Gestern Abend durften viele Prignitzer in ihre Häuser zurück. Nun plagen sie Gestank und Mücken

Von Claus-Dieter Steyer

Wittenberge. Die Deichläufer spüren den Rückgang des Wassers zuerst. Sie kontrollieren ununterbrochen, in Vier- bis Sechs-Stunden-Schichten, den Zustand der Dämme. Ihr besonderes Augenmerk gilt Sickerstellen und Anzeichen von Deichrissen, die trotz des gesunkenen Wasserstandes nach wie vor zu einem Dammbruch führen können. „Wir riechen inzwischen sogar das weniger gewordene Wasser", erzählt ein von Deichbauexperten eingewiesener Kontrolleur am „Bösen Ort" bei Wustrow in der Nähe von Wittenberge. „Denn an den Rändern der Brühe setzen sich Schadstoffe ab, die in der Sonne erbärmlich stinken." Doch er wolle sich nicht beschweren. „Je mehr Gestank, desto besser. Wir sind gerade hier über jeden Zentimeter weniger froh."
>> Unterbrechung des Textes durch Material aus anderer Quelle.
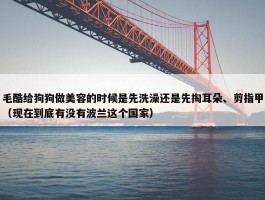 毛酷给狗狗做美容的时候是先洗澡还是先掏耳朵、剪指甲（现在到底有没有波兰这个国家）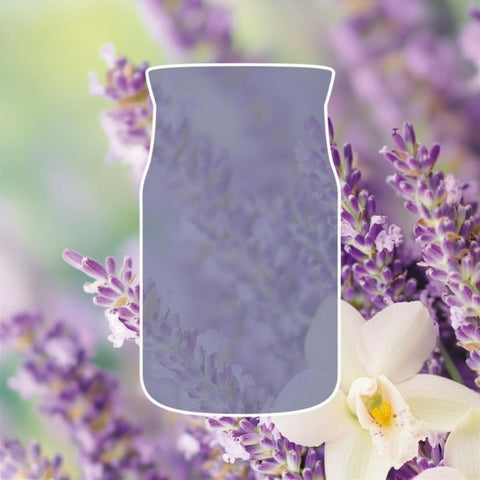 Yankee Candle - Lavender Vanilla - Signature Duftkerze - 110g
Der „Böse Ort" dürfte nach dem Hochwasser in keiner Chronik fehlen. Hier sahen die Fachleute die größte Gefahr eines Deichbruches, weil die Elbe im 90-Grad-Winkel auf den Damm prallt. In einer Hau-Ruck-Aktion hunderter Soldaten, Angehöriger des Technischen Hilfswerkes und vieler Einwohner wurden die Deiche mit Tausenden Sandsäcken verstärkt. Doch nicht nur am „Bösen Ort“ können die Menschen ein wenig aufatmen. Nach einer Woche des Kampfes gegen das Hochwasser ist die Gefahr von Überschwemmungen großer Flächen und der damit verbundenen Zerstörung von Häusern in den Elbdörfern der Prignitz bedeutend kleiner geworden.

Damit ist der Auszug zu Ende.